All lines from the one containing "UGREEN Adapter USB-A" through the last line of the listing below are to be copied exactly. Exclude the pictures.

+++++

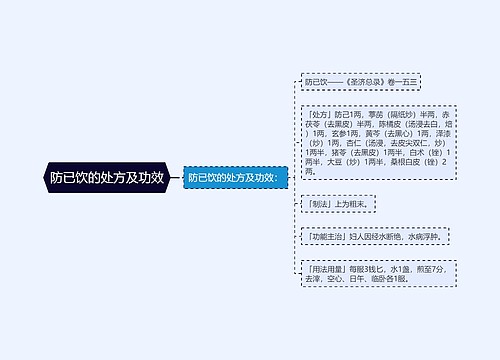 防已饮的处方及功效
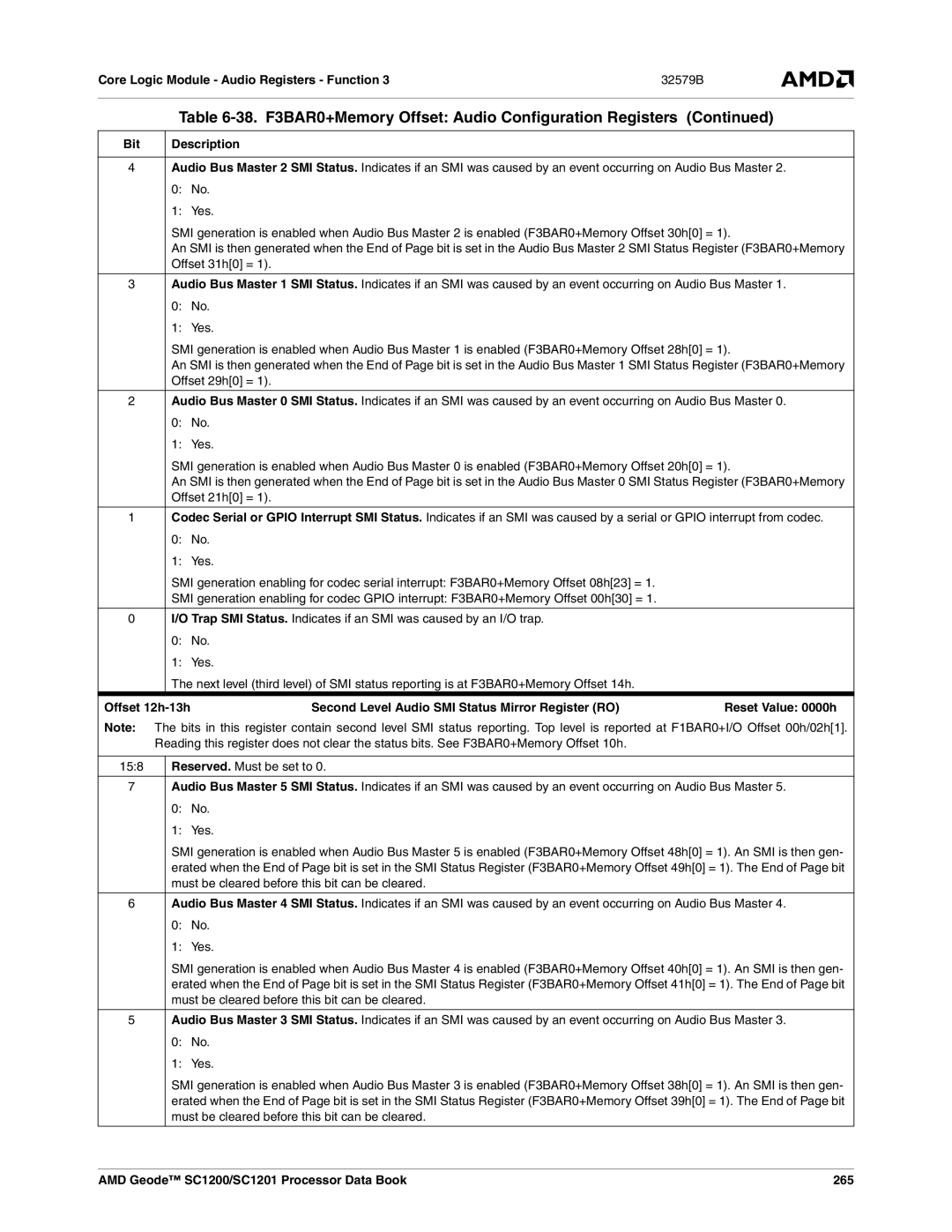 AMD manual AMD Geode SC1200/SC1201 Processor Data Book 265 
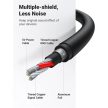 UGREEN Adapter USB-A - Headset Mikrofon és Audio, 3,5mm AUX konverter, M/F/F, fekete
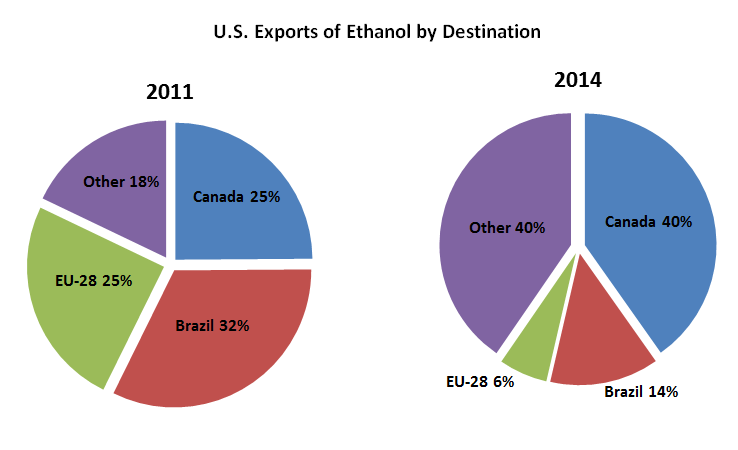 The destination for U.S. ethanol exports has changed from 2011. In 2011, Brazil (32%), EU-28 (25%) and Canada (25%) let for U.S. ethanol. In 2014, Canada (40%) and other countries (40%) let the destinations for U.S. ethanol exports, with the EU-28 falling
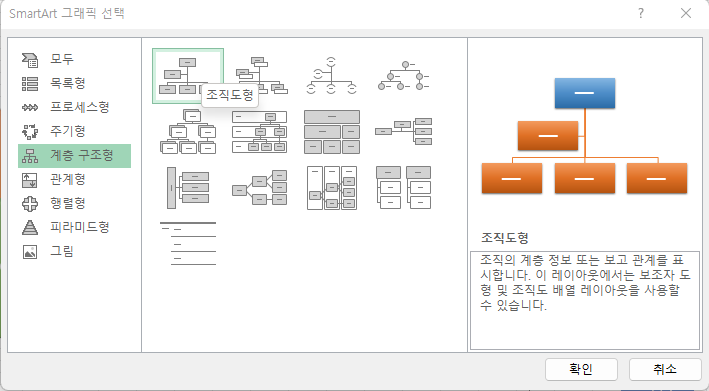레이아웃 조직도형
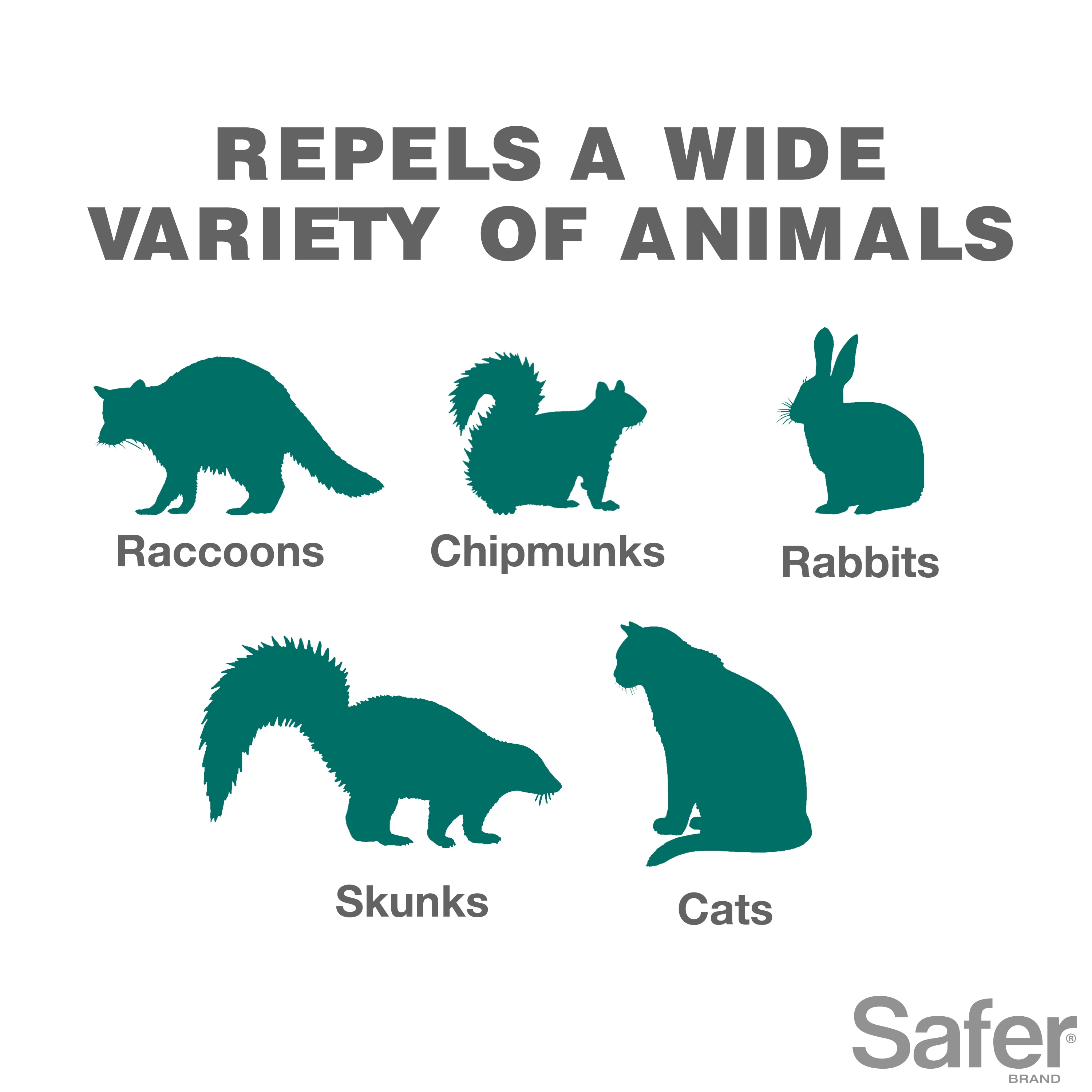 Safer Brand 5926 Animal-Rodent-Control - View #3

+++++

*RESULT FOR THIS EXERCISE:*
 UGREEN Adapter USB-A - Headset Mikrofon és Audio, 3,5mm AUX konverter, M/F/F, fekete
 The destination for U.S. ethanol exports has changed from 2011. In 2011, Brazil (32%), EU-28 (25%) and Canada (25%) let for U.S. ethanol. In 2014, Canada (40%) and other countries (40%) let the destinations for U.S. ethanol exports, with the EU-28 falling
레이아웃 조직도형
 Safer Brand 5926 Animal-Rodent-Control - View #3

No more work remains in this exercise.